▸ Data listing
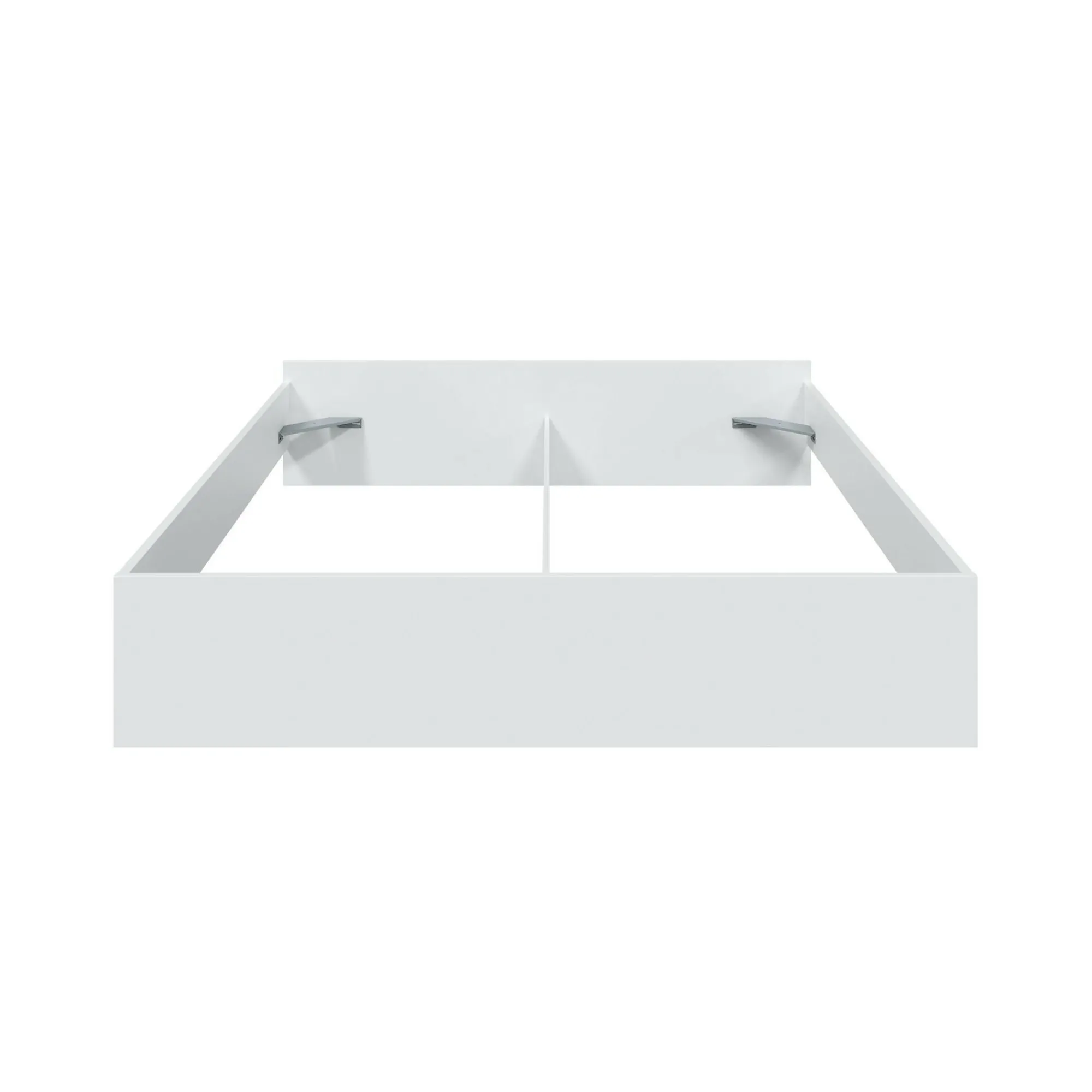 Letto matrimoniale Adia, 166x196h40 cm,<Dmora New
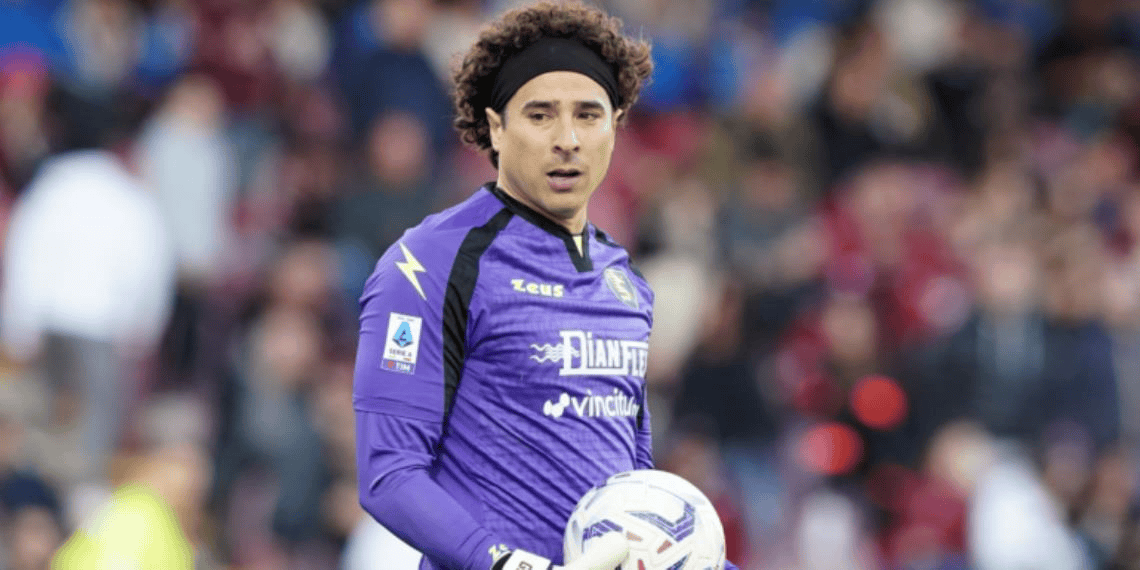 El nuevo equipo que firmará a Guillermo Ochoa de cara a la temporada 2024/25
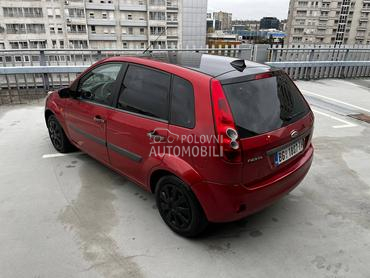 Ford Fiesta 1.4 16V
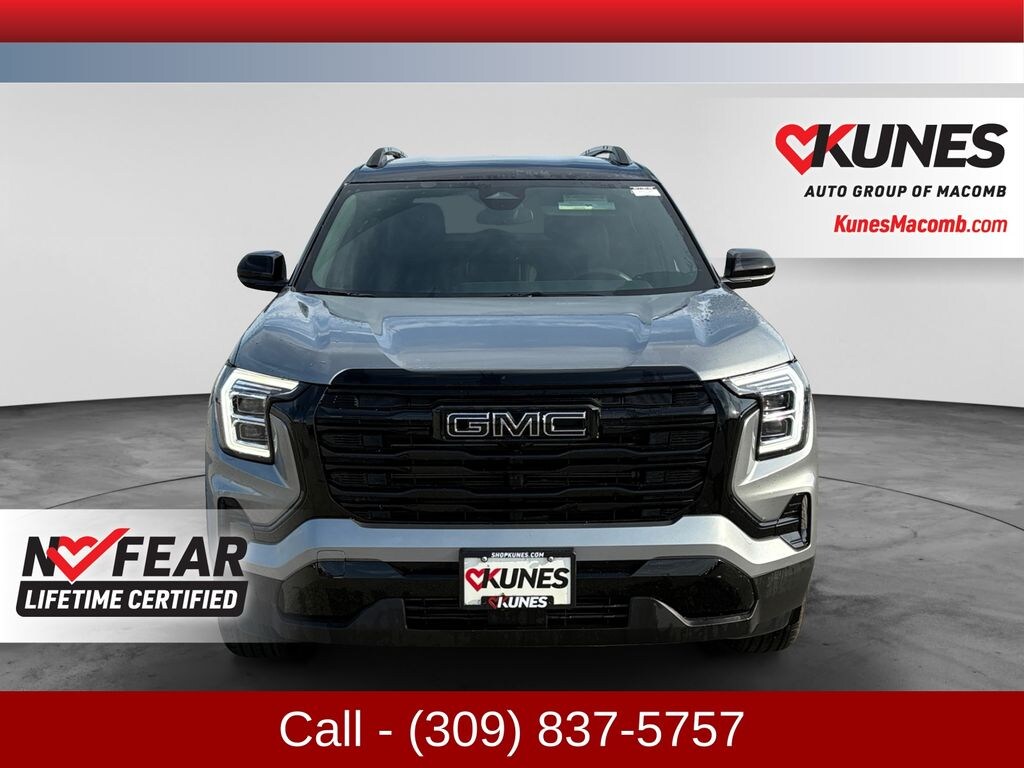 Used 2026 GMC Terrain Elevation SUV
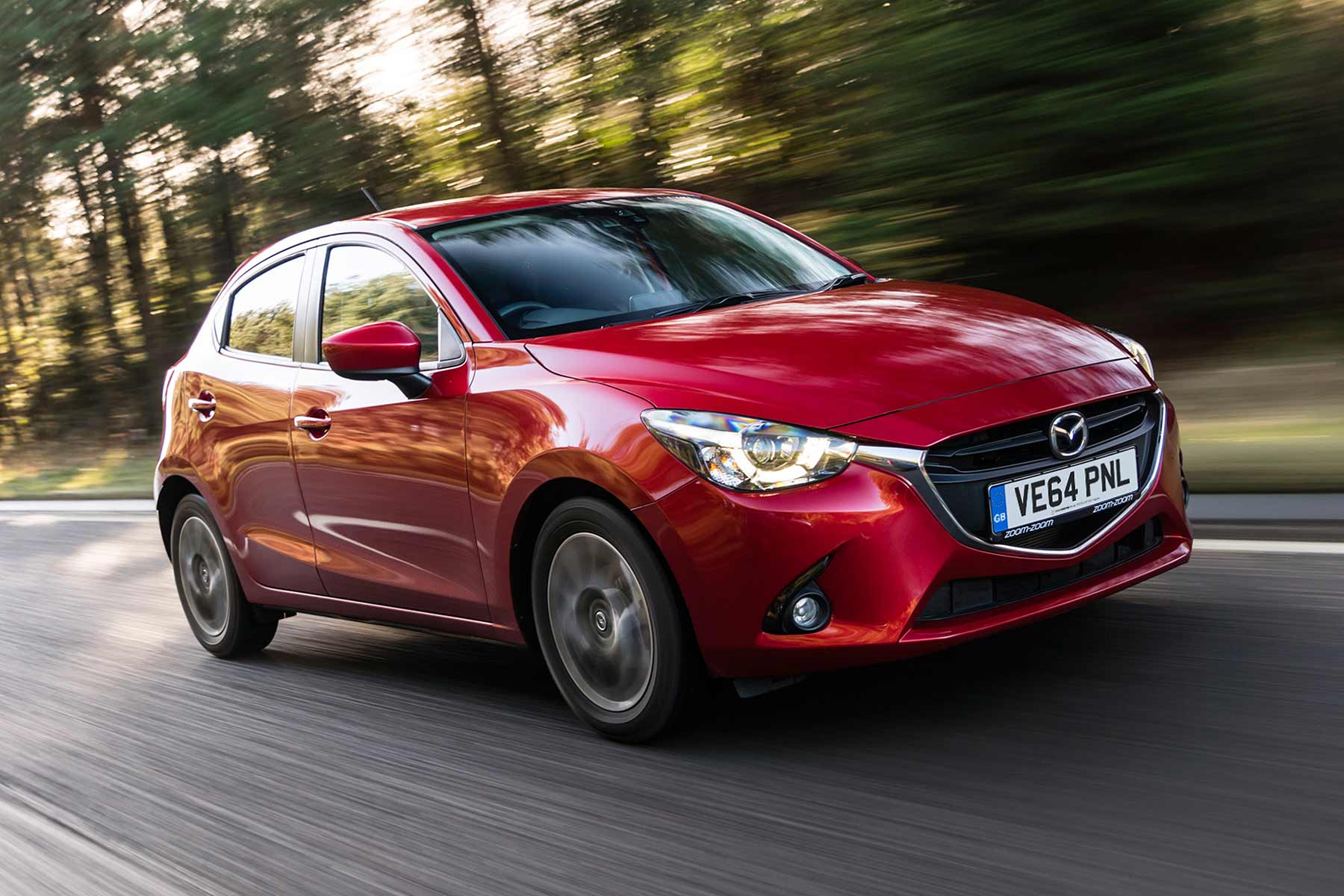 Mazda2 2015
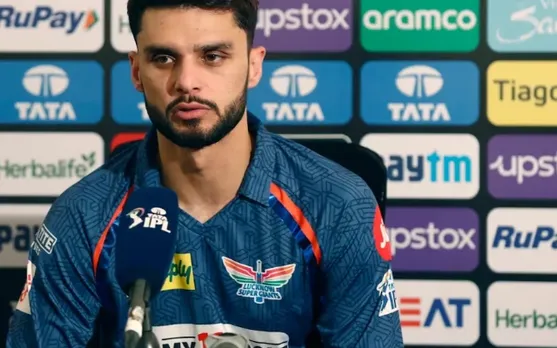 'I have come here to play in the IPL, not to...' - Naveen ul Haq gives a big statement to his LSG teammates after the on-field spat with Virat Kohli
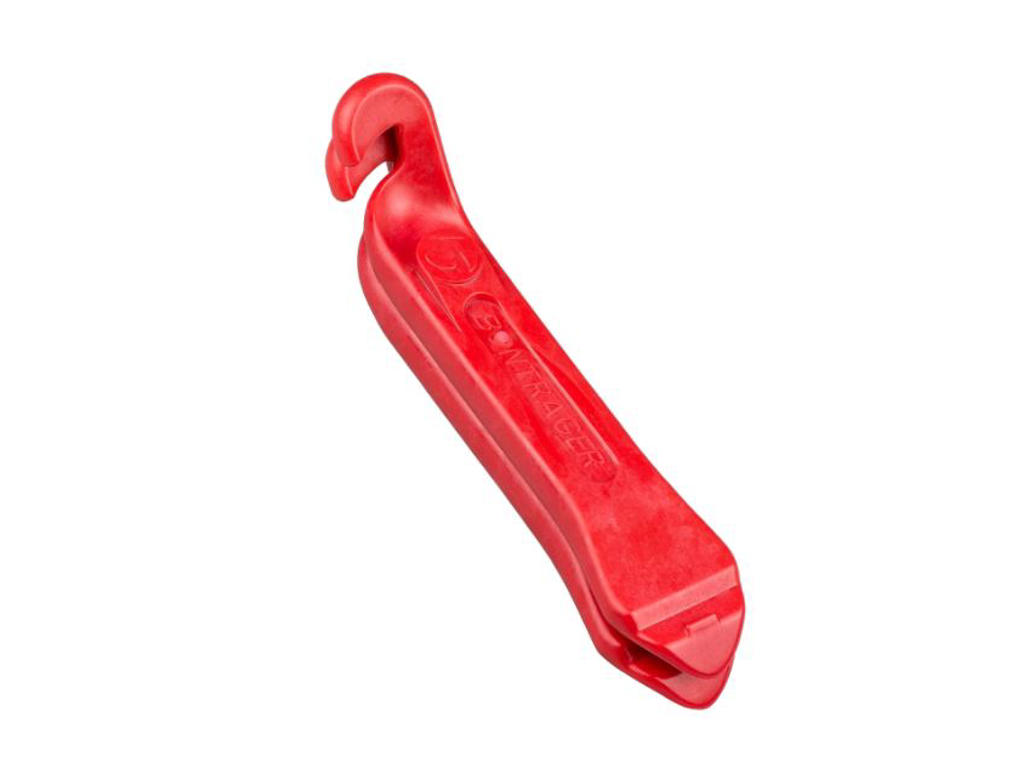 Bontrager - Dækjern i kraftigt akryl - 2 stk. - Rød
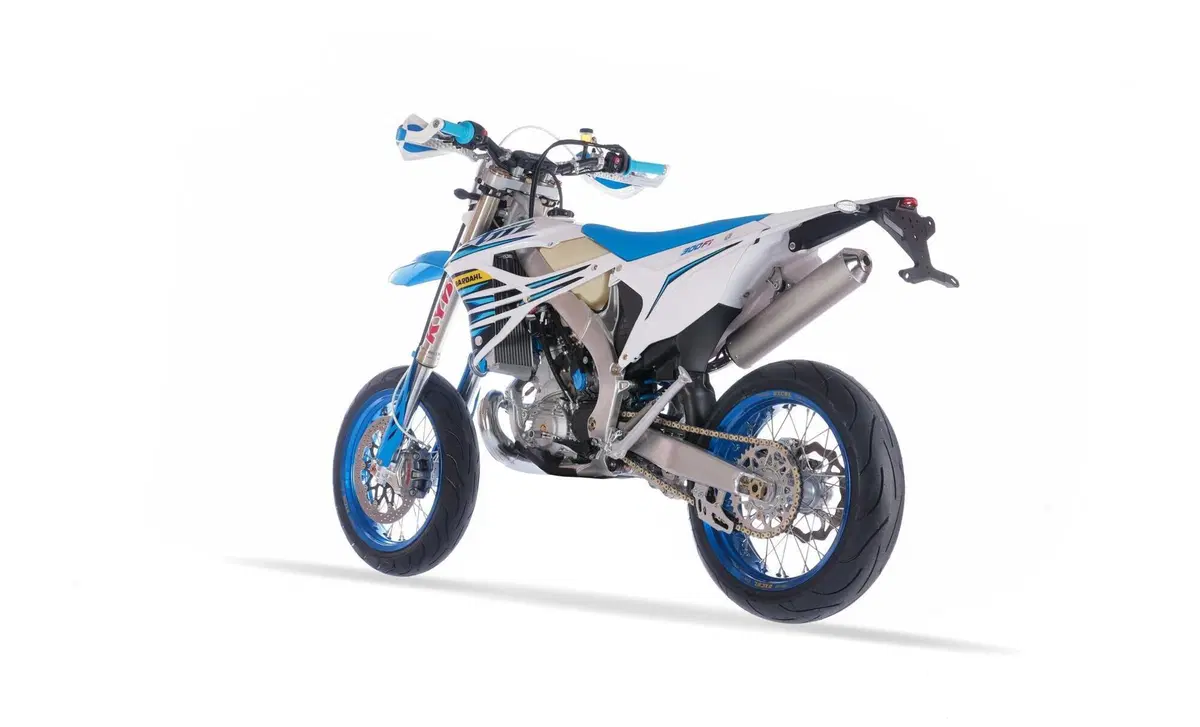 Tm Moto SMX 300 SMX 300 ES 2T (2023 - 26) (6)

▸ Requirement
The result should hold only the lines from the line with "Mazda2 2015" through the final line of the records above, copied exactly, with pictures left out.

▸ Response box
 Mazda2 2015
 'I have come here to play in the IPL, not to...' - Naveen ul Haq gives a big statement to his LSG teammates after the on-field spat with Virat Kohli
 Bontrager - Dækjern i kraftigt akryl - 2 stk. - Rød
 Tm Moto SMX 300 SMX 300 ES 2T (2023 - 26) (6)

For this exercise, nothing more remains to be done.